* Task item
Lines from the one with "Fried wontons with" up to and including the one with "Una cocina compacta" are to be copied exactly from the records below, without their pictures.

=-=-=-=-=

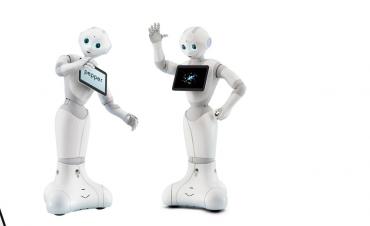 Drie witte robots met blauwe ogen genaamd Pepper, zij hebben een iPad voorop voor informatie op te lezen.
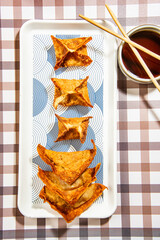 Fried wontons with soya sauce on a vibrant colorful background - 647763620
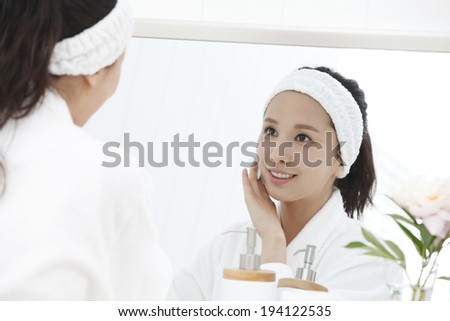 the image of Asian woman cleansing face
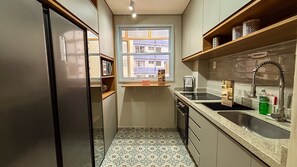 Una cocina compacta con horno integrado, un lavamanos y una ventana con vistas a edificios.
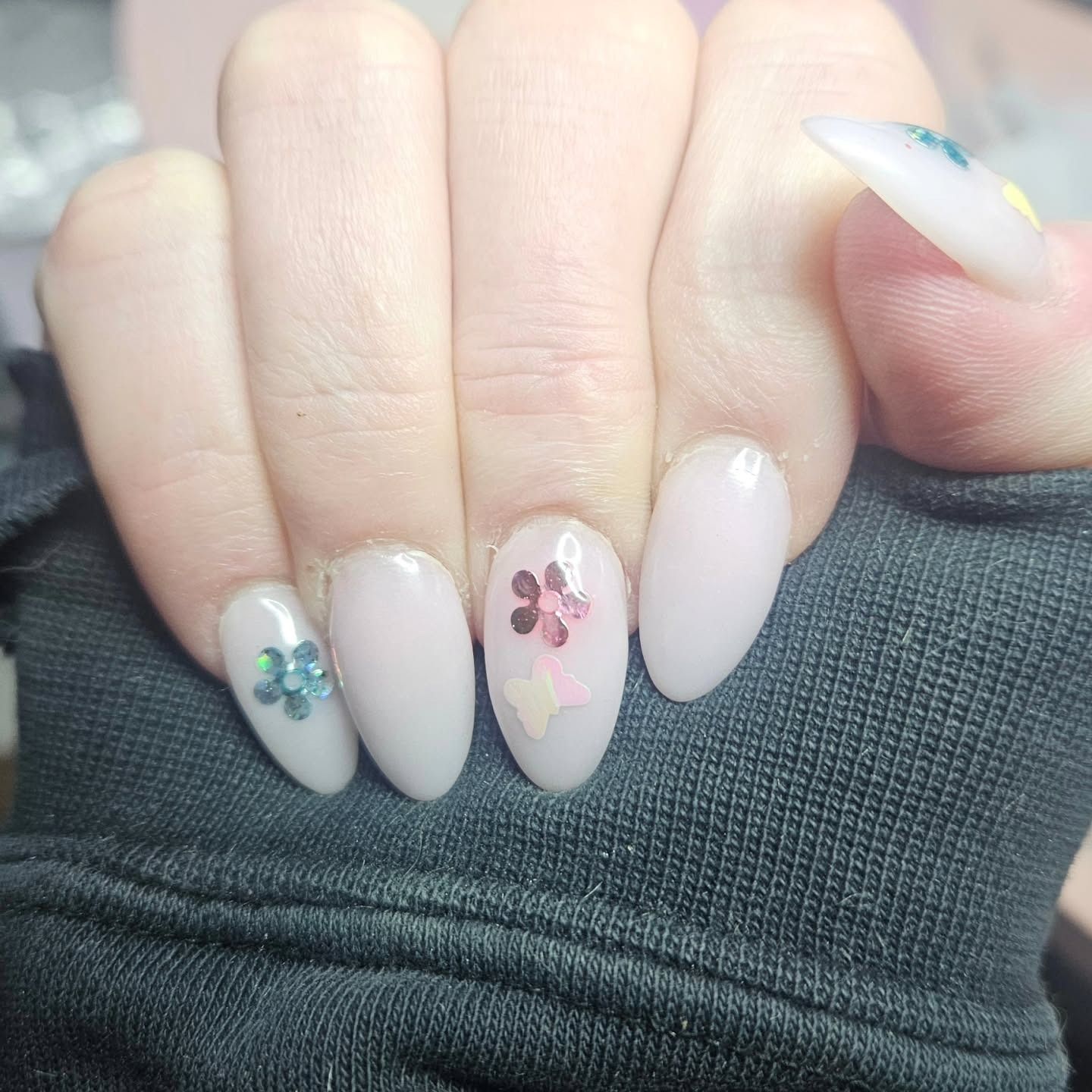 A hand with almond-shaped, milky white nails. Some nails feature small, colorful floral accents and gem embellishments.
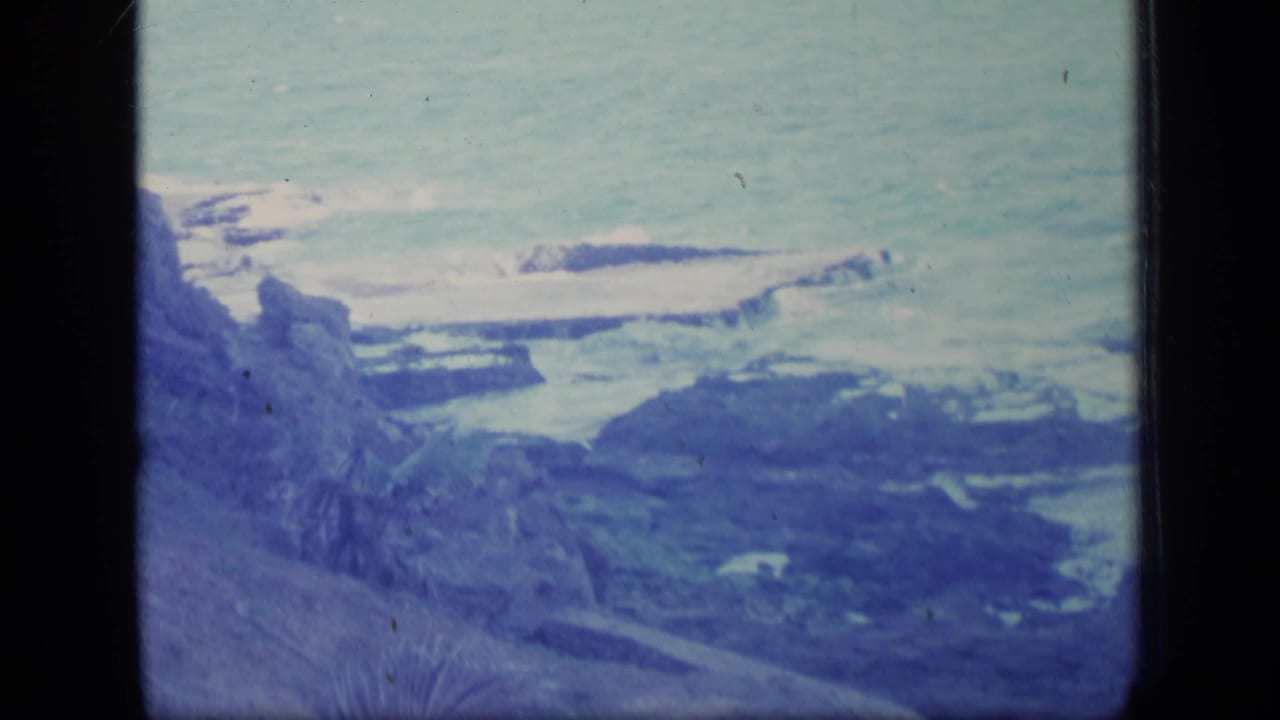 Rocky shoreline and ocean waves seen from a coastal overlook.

=-=-=-=-=

* Written answer
 Fried wontons with soya sauce on a vibrant colorful background - 647763620
 the image of Asian woman cleansing face
 Una cocina compacta con horno integrado, un lavamanos y una ventana con vistas a edificios.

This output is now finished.